The Wanda Diamond League's 16 May opener in Shanghai/Keqiao will start the 2026 season with the deepest 100m field assembled outside a championships final, organisers confirmed on Tuesday, with Olympic and world silver medallist Kishane Thompson, Olympic 200m champion Letsile Tebogo, three former world 100m medallists and the entire Tokyo Olympic final podium minus Noah Lyles all confirmed on the entry list. With the Doha leg postponed to 19 June after structural concerns at the Suheim bin Hamad stadium, Keqiao becomes the de facto Diamond League opener — and the meeting's organising committee has paid for it with a sprint card that already feels championship-grade.

Thompson, the surprise of last summer who ran 9.77 in Kingston before fading to silver behind Lyles in Tokyo, opens his season with what his agent described as "no time goal but every ranking goal", and arrives in Keqiao after a winter spent rebuilding under coach Stephen Francis at MVP. Tebogo's outdoor debut, by contrast, has been signposted for months. The Botswanan 200m specialist confirmed at the Botswana Golden Grand Prix earlier in April that he will double in Keqiao for the first time in his career, with a 100m best of 9.86 that he expects to "comfortably better" if conditions allow.

The depth behind the headline pair is what tilts this from showcase to championship rehearsal. World indoor 60m gold medallist Christian Coleman is in the field, alongside the powerful, perennial 9.8s American duo of Trayvon Bromell and Kenny Bednarek, plus South African veteran Akani Simbine — last year's only sub-9.85 sprinter not based in the United States — and Botswanan junior Gift Leotla, the under-20 world record holder over 200m who is testing the half-lap sprint. Eight men in the field have personal bests under 9.90, and the meeting's official model expects a winning time inside 9.83 if the trailing wind sits between 0.4 and 1.5 metres per second.

The women's sprint card is shorter but no less interesting. Reigning Wanda Diamond League 400m champion Salwa Eid Naser launches her title defence, and the meeting's late-confirmed addition of Sha'Carri Richardson to the 200m alongside Julien Alfred has converted a ticket buyer's curiosity into a genuine European prime-time draw. The 1500m, headlined by Australia's Jessica Hull and Britain's Georgia Hunter Bell, follows on directly, while Faith Kipyegon opens her season in the 5,000m. The men's pole vault — Mondo Duplantis's only spring competition outside Doha — and a six-deep men's discus featuring Olympic champion Roje Stona round out a card that World Athletics insiders are already calling the deepest opening Diamond League in living memory.

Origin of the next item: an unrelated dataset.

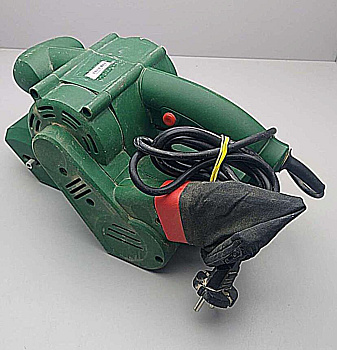 DWT BS-650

For broadcasters, the meeting has been moved 90 minutes later to a 20:30 Beijing-time start to better fit the European prime-time window, with BBC Sport in the United Kingdom carrying the full programme live for the first time. The 100m final is scheduled for 21:35 local time — a 14:35 BST and 09:35 ET cross-Atlantic compromise that means a sub-9.85 winning time on Saturday 16 May would arrive at lunchtime in London, breakfast in New York, and on the same Saturday afternoon that the Sri Chinmoy Ten-Day in Flushing Meadows finishes its hundredth lap. With Doha pushed to mid-June, Keqiao is now the early-season form-line for the 2026 outdoor season, and 16 May will tell the sport everything it needs to know about who has spent the spring sharpening and who has spent it resting.